[DATA FOR PROCESSING — start]

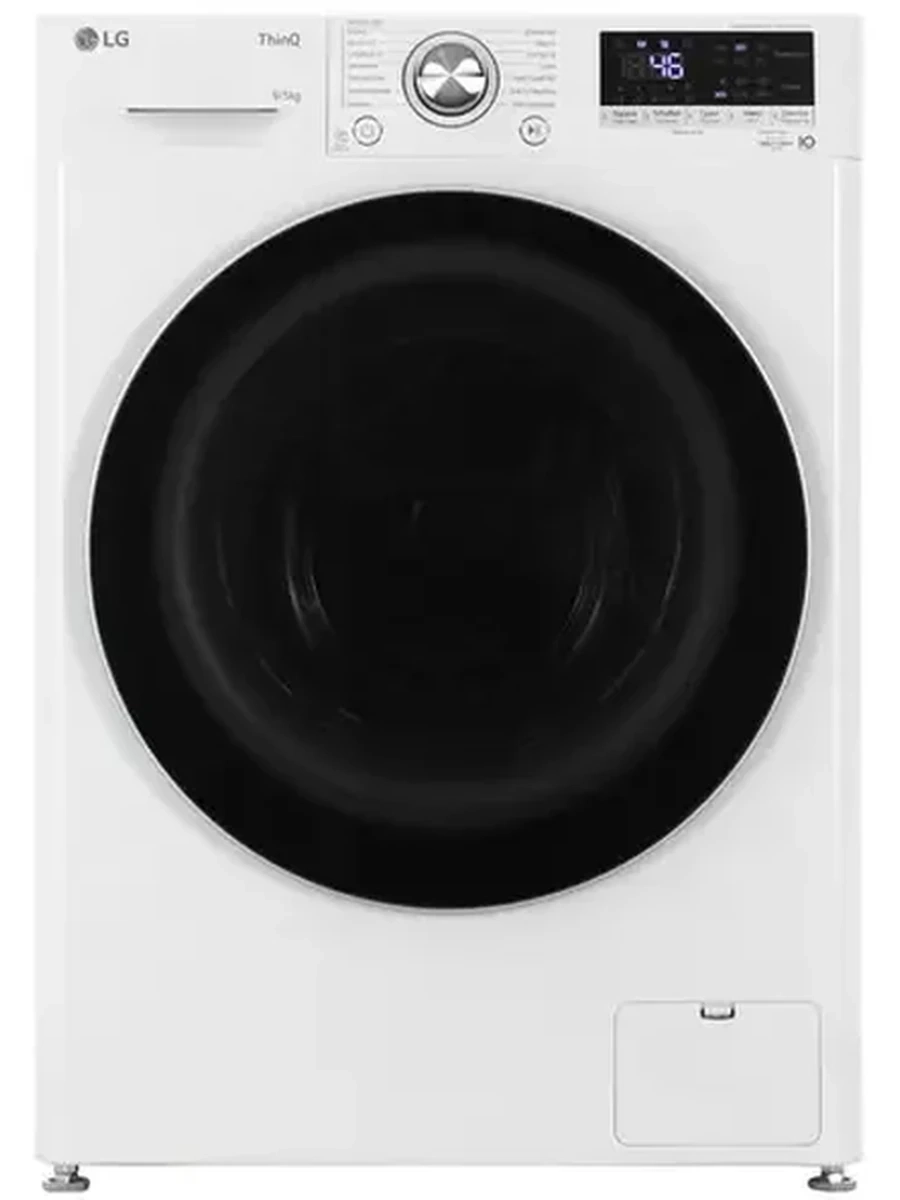 Стирально-сушильная машина LG F2V7FR1W [фронтальная, стирка 9 кг, сушка 5 кг, 1200 об/мин, инвертор, 60 см х 85 см х 47.5 см] белый, дисплей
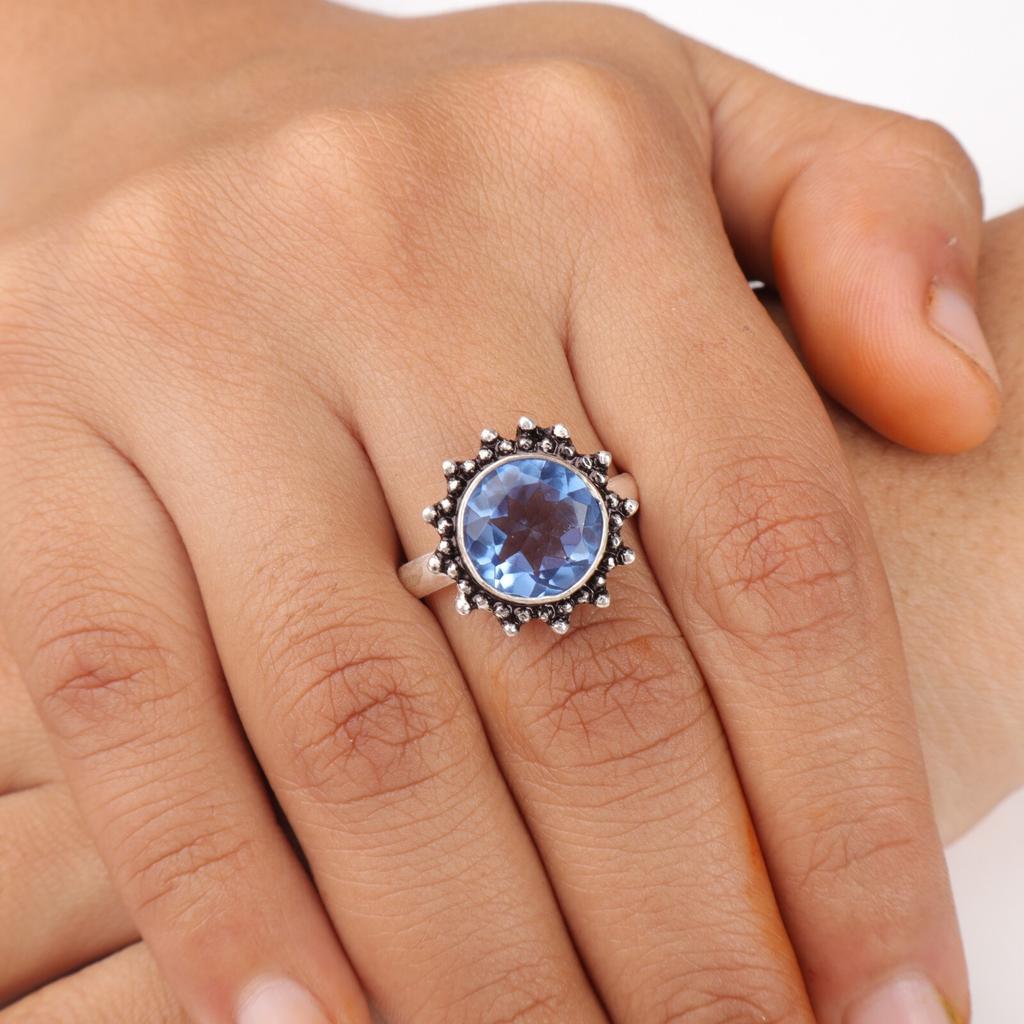 Tanzanite Gemstone 925 Stamped Silver Jewelry Handmade Ring For Anniversary Gift RR-7-6
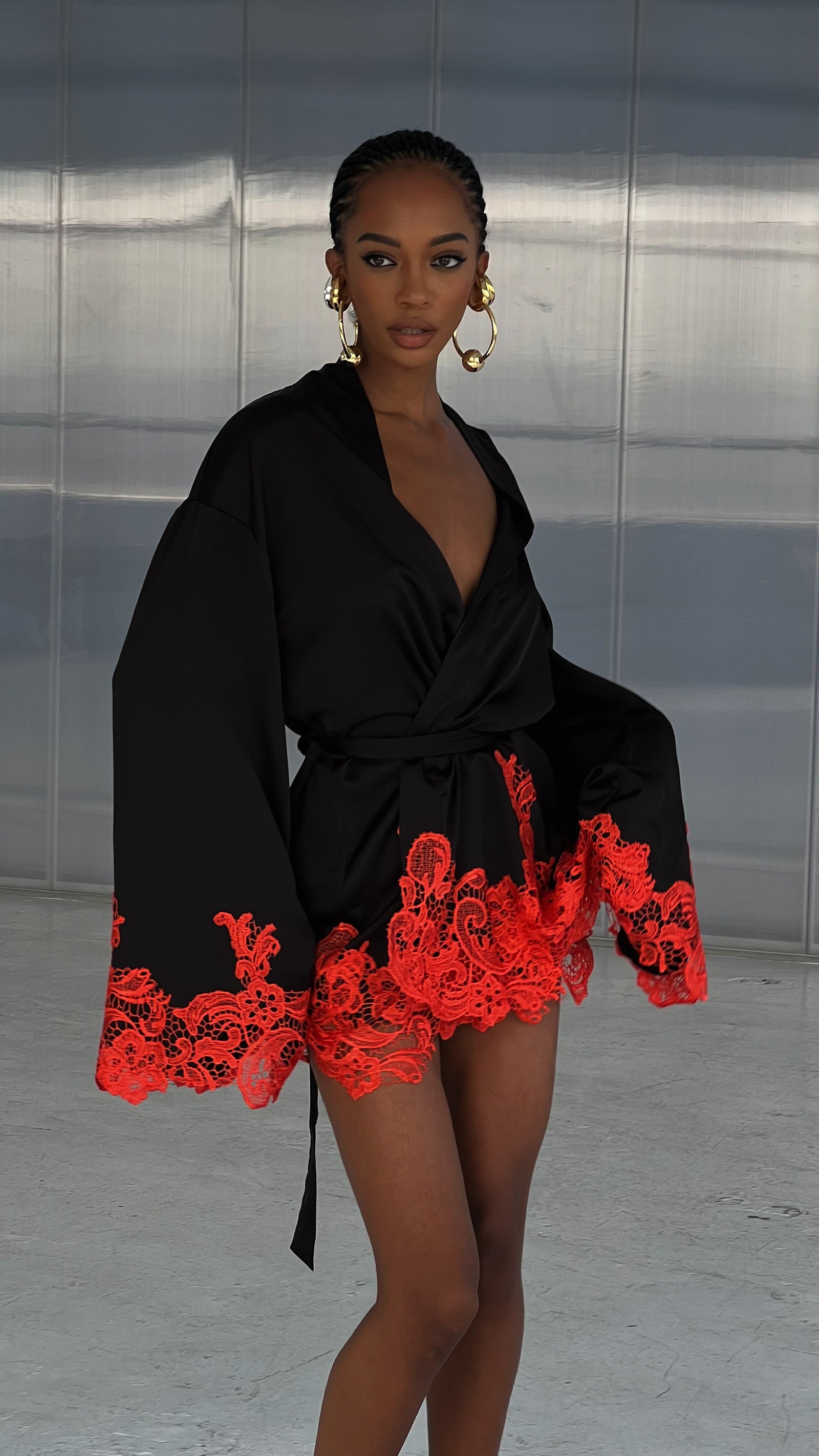 Rio Robe Black with Orange Red Lace – Khirzad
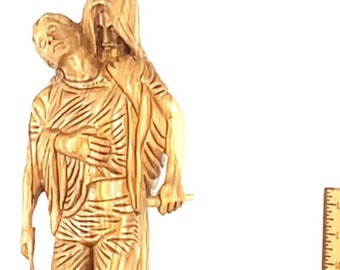 Jesus Christ Forgives Roman Guard Statue, 19.3" Masterpiece Sculpture, Holy Land Church Gift, Bethlehem Olive Wood, Christian Religious Art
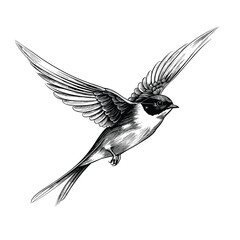 Hand Drawn Sketch Swallow Bird Illustration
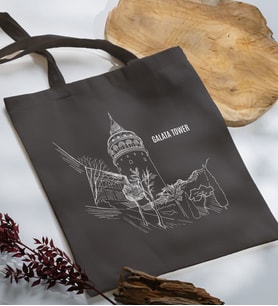 BK Gift İstanbul Tasarımlı Antrasit Kumaş Bez Çanta, Baskılı Omuz Çantası, Alışveriş Çantası, Anneye Hediye-6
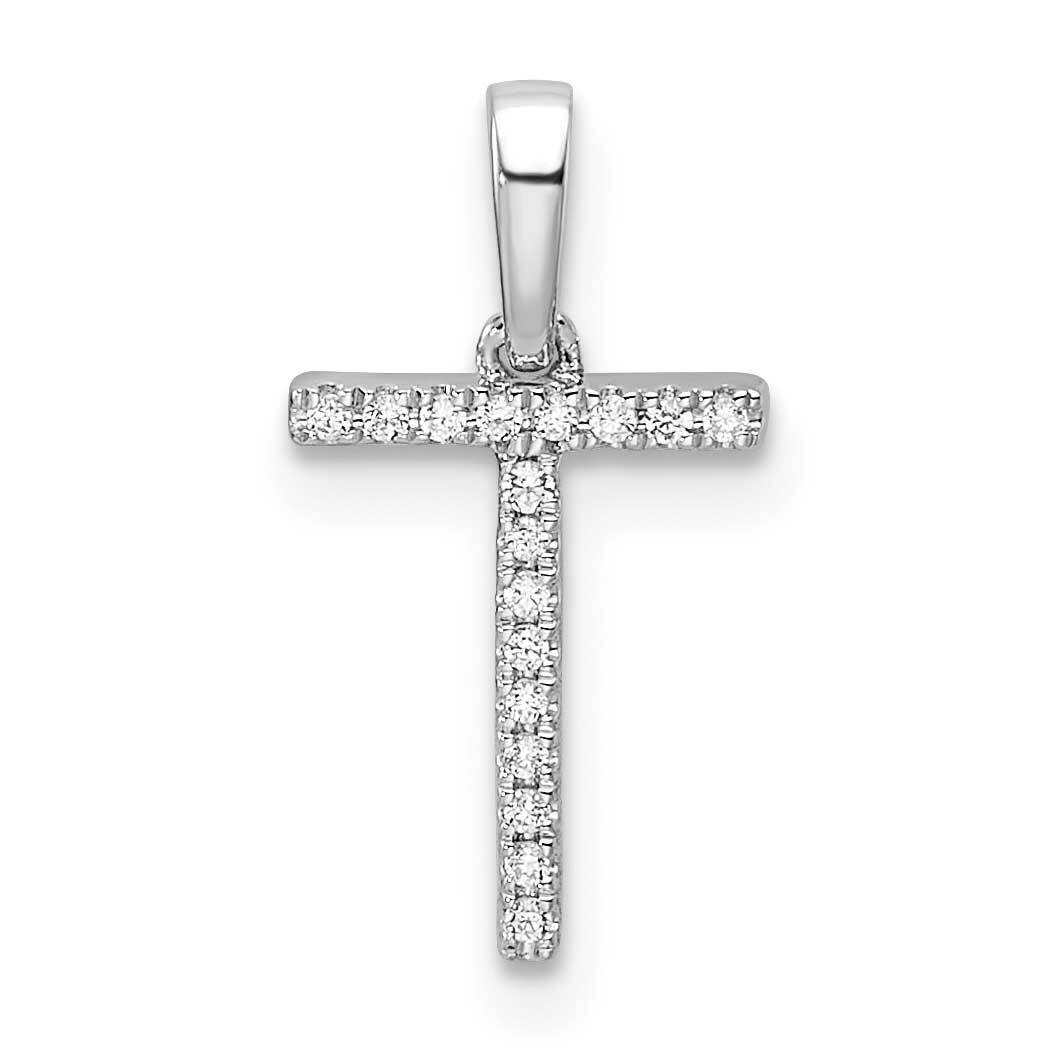 Diamond Letter T Initial Pendant 14k White Gold PM9798T-005-WA, MPN: PM9798T-005-WA,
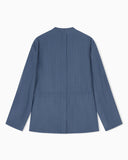 Pinstriped fluid fabric guru-collar jacket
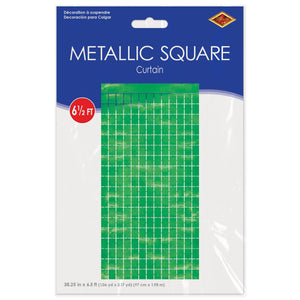 Bulk Green Metallic Square Curtain (6 Pkgs Per Case) by Beistle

[DATA FOR PROCESSING — finish]

# ACTION ITEM
With the pictures stripped out, return each record word for word.

# FINISHED TASK
 Стирально-сушильная машина LG F2V7FR1W [фронтальная, стирка 9 кг, сушка 5 кг, 1200 об/мин, инвертор, 60 см х 85 см х 47.5 см] белый, дисплей
 Tanzanite Gemstone 925 Stamped Silver Jewelry Handmade Ring For Anniversary Gift RR-7-6
 Rio Robe Black with Orange Red Lace – Khirzad
 Jesus Christ Forgives Roman Guard Statue, 19.3" Masterpiece Sculpture, Holy Land Church Gift, Bethlehem Olive Wood, Christian Religious Art
 Hand Drawn Sketch Swallow Bird Illustration
 BK Gift İstanbul Tasarımlı Antrasit Kumaş Bez Çanta, Baskılı Omuz Çantası, Alışveriş Çantası, Anneye Hediye-6
 Diamond Letter T Initial Pendant 14k White Gold PM9798T-005-WA, MPN: PM9798T-005-WA,
 Pinstriped fluid fabric guru-collar jacket
 Bulk Green Metallic Square Curtain (6 Pkgs Per Case) by Beistle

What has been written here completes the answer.